New Worlds And A New Cosmos?

Poul Anderson, For Love And Glory (New York, 2003), Chapter XXVI.

A rotating black hole has both an event horizon and an ergosphere. When two black holes meet, the energies released cause some gas clouds to exceed ergospheric escape velocity. Receding, the clouds hold together either because of magnetic bottle effects or because each has become the atmosphere surrounding a new planet-sized mass, as if the union of black holes had begotten worlds.

Meanwhile, during the microseconds of fusion, the ergospheres, the event horizons and spacetime are contorted:

"'For an instant, the gates stood open between entire universes.'
"'The hints alone should reveal a new cosmos to your minds...'" (p. 143)

Why "between" universes?
Is each singularity regarded as matching the singularity of a white hole in another universe?
(But the singularities were not uncovered during the collison.)
A new cosmos or a new understanding of this cosmos?

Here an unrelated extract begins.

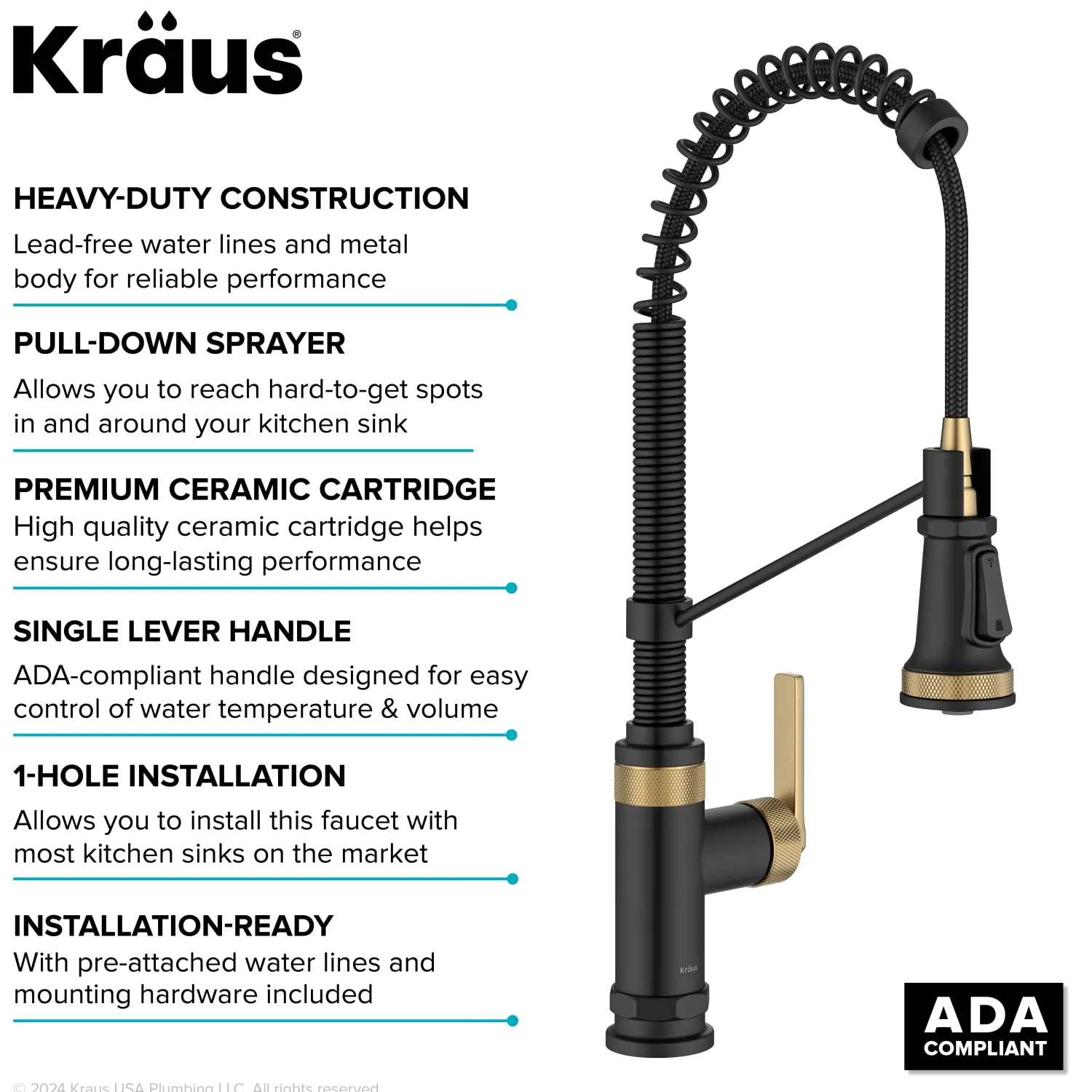 Outlet Allyn Single Handle Pull Down Kitchen Faucet in Spot-Free Brushed Brass + Matte Black Single Hole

Either way, new worlds whether material or conceptual.

When Time Patrolman Manse Everard relates sagas and Eddic and skaldic poems to the Emperor Frederick in 1245alpha AD, the latter exults:

"'You open another whole universe!'" (The Shield Of Time, p. 396)

The Eddic universe is conceptual but certainly "other." I remember the imaginative impact the first time I read Encyclopedia articles about Norse mythology and about Buddhism. In the first, gods who will die; in the second, not a strange god but a compassionate man. This takes us away from black holes but it is all one in Poul Anderson's imagination.

5 comments:

Sean M. Brooks said...

Kaor, Paul!

The quote about Emperor Frederick II listening with keen interest to the Eddic poems and Norse sagas recited by Manse Everard in 1245alpha AD made me wonder why Scandinavian legends and sagas fell into such obscurity after about our AD 1200. After all, considering how relatively quickly the Scandinavians learned literacy and wrote down so many of their sagas and poems, they should have become more widely known. Was it because Old Norse/Norse was a strange and difficult language for non Scandinavians? As a Germanic language it should have been no more difficult than German.

Sean

Paul Shackley said...

Sean,
Was non-Classical Pagan mythology discouraged by the Church?
Paul.

Sean M. Brooks said...

Kaor, Paul!

I don't think so, at least not in any OFFICIAL way. Perhaps it was simply that Iceland, where most of these poems and sagas were written down, was so remote and far away from the centers of Medieval civilization.

Sean

David Birr said...

Sean and Paul:
Perhaps it had something to do with hard feelings resulting from roughly two centuries of Viking raids? "We don't want ANYTHING Norse...!"

Sean M. Brooks said...

Hi, David!

Oops! I should have remembered that! The Viking raids, invasions, and wars waged by the Scandinavians from the 790s to at least the death of Harald Hardrede at the Battle of Stamford Bridge in 1066. I've seen angry and bitter extracts from Anglo-Saxon and Frankish annals making it quite plain how their victims regarded the Norse and Danes. So, yes, they would not want ANYTHING Norse!